Records drawn from a dataset
'''

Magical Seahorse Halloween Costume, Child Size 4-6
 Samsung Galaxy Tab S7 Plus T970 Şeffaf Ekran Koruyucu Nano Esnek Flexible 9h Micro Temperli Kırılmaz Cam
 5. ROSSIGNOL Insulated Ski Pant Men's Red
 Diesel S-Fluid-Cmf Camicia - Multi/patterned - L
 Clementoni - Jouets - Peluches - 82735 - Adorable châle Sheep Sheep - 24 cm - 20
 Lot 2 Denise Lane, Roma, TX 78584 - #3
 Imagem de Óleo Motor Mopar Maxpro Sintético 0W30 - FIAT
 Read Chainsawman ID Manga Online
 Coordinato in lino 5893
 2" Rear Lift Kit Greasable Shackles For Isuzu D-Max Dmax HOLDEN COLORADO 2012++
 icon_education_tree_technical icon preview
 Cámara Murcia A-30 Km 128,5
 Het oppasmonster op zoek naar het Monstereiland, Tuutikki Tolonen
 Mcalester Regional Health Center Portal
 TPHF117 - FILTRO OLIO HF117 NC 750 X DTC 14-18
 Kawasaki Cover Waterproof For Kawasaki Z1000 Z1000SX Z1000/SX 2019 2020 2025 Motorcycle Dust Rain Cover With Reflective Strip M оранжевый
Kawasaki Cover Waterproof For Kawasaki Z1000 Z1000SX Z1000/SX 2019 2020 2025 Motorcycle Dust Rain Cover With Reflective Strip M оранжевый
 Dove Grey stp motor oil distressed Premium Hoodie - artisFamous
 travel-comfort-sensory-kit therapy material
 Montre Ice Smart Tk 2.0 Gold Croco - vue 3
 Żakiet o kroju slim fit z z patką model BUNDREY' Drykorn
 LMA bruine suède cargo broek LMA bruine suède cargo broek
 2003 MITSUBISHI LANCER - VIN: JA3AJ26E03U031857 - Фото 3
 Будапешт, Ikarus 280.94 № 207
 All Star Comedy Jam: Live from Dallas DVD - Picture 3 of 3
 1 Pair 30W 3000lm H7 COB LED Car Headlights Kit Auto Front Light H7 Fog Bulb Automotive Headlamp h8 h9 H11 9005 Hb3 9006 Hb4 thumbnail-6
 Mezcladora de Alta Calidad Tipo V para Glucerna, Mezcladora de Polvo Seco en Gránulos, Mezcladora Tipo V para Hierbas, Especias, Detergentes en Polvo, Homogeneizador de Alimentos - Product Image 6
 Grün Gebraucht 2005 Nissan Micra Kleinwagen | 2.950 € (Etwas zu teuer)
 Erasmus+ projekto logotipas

'''

WORK TO BE COMPLETED
All that is needed is the exact run of lines above from the line containing "travel-comfort-sensory-kit therapy material" through the line containing "LMA bruine suède cargo broek LMA", both of them included.

ANSWER AREA
 travel-comfort-sensory-kit therapy material
 Montre Ice Smart Tk 2.0 Gold Croco - vue 3
 Żakiet o kroju slim fit z z patką model BUNDREY' Drykorn
 LMA bruine suède cargo broek LMA bruine suède cargo broek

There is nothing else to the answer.